Abuchowski et al, J. Biol. Chem., 252 (11), 3578 and 3582 (1977), disclose the modification of proteins, specifically, bovine serum albumin and bovine liver catalase, by the covalent attachment thereto of nonimmunogenic methoxyproylene glycols of 1900 daltons (PEG-1900, Union Carbide Corp.) and 500 daltons (PEG-5000, Union Carbide Corp.) using cyanuric chloride (2,4,6-trichloro-s-triazine) as the coupling agent. The modified bovine serum albumin exhibited a blood circulating life in rabbits similar to native bovine serum albumin except that it was not removed from circulation by the eventual development of antibodies.
Also, the modified bovine serum albumin exhibited substantial changes in properties, such as solubility, electrophoretic mobility in acrylamide gel, ion exchange chromatography, and sedimentation, as compared with the unmodified protein. Rabbits were immunized by the intravenous administration of PEG-1900-catalase. The intravenous antiserum/antibodies did not yield detectable antibodies against PEG-1900-catalase or native catalase whereas the intramuscular antiserum contained antibodies to PEG-1900-catalase and native catalase. PEG-5000-catalase did not react with either antiserum. PEG-1900-catalase and PEG-5000-catalase retained 93% and 95%, respectively, of their enzymatic activity and PEG-5000-catalase resisted digestion by trypsin, chymotrypsin and a protease from Streptoenyces griseus. PEG-1500-catalase and PEG-5000-catalase exhibited enhanced circulating lives in the blood of acatalasemic mice during repetitive intravenous injection and no evidence was seen of an immune response to injections of the modified enzymes.
Ashihara et al, Biochem. Biophys. Res. Commun., 83 (2), 385 (1978), disclose the modification of E. coli L-asparginase with activated polyethylene glycol (PEG-5000, PEG-1900, and PEG-750) to obtain products having varying levels of enzyme amino group substitution by means of covalent attachment of the polyethylene glycol to the enzyme amino groups. The modification of asparginase to 73 amino groups out of the total 92 amino groups in the molecule with PEG-5000 gave rise to a complete loss of the binding ability towards anti-asparginase serum from rabbits and retained the enzymatic activity (72) and hand versitivity against trypsin.

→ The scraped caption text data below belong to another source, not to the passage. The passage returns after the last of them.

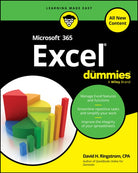 Microsoft 365 Excel For Dummies - 9781394317103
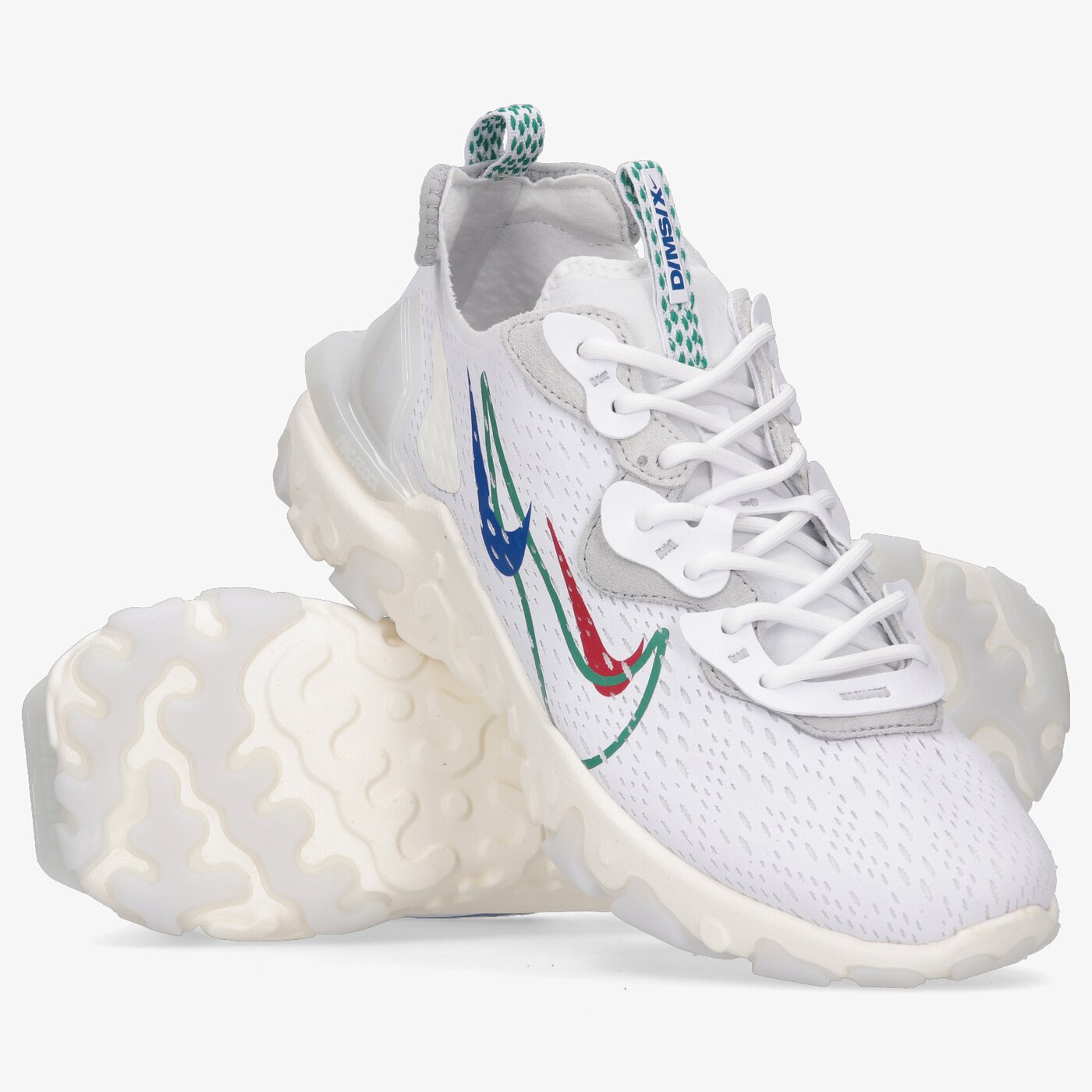 Мъжки маратонки NIKE REACT VISION  dm9095-100 цвят бял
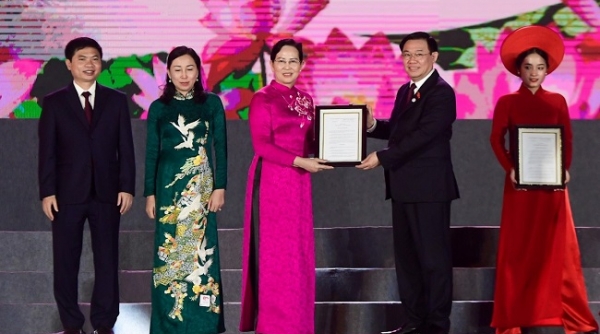 Trao Quyết định công nhận 2 bảo vật quốc gia cho tỉnh Hà Nam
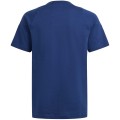 Koszulka dla dzieci adidas Tiro 24 Sweat Tee granatowa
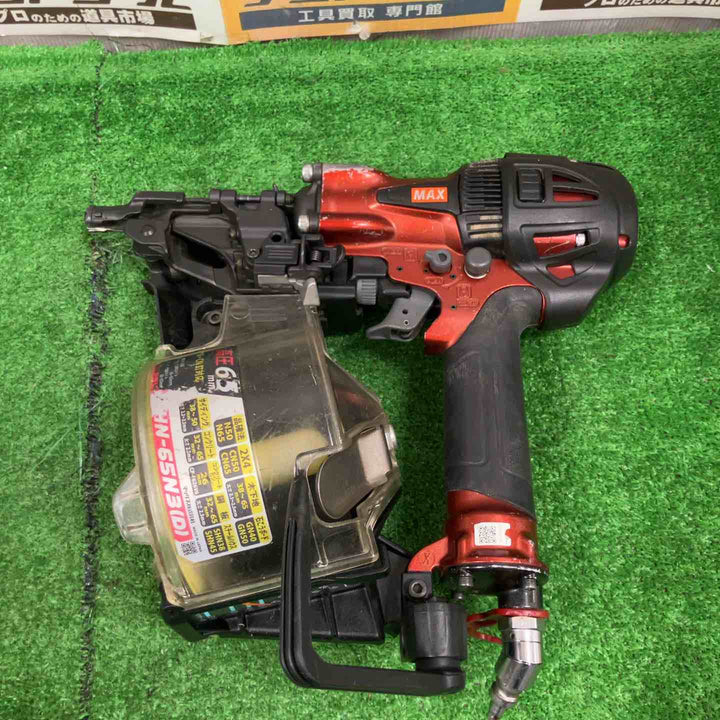 ★マックス(MAX) 高圧エア釘打ち機 HN-65N3(D)-R【草加店】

Koide et al, FEBS Letters, 143 (1), 73 (1982), disclose the preparation of polyethylene glycol-modified streptokinase by covalently attaching the glycol and the enzyme. The resulting modified streptokinase had a complete loss of antigenicity but had retention of its enzymatic activity.

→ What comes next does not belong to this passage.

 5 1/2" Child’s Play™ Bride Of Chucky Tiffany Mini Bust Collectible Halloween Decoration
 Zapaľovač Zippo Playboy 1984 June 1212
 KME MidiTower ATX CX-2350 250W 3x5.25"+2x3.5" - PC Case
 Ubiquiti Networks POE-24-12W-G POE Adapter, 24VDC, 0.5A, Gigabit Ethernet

O'Neill et al, Biotechnol. Bioeng., 13, 319 (1971) disclose the covalent attachment of the enzyme, chymotrypsin, to dextran and to DEAE-cellulose using 2-amino-4,6-dichloro-s-triazine as the coupling agent. Determination of the activity of the preparations showed that chymotrypsin attached to the soluble substrate had a considerably higher activity towards both casein and anti-tyrosine ethyl ester than did chymotrypsin attached to DEAE-cellulose. Both of the conjugates had increased relative stability compared with native chymotrypsin as determined by incubating at 40.degree. C. followed by assaying with acetyl-tyrosine ethyl ester (ATEE).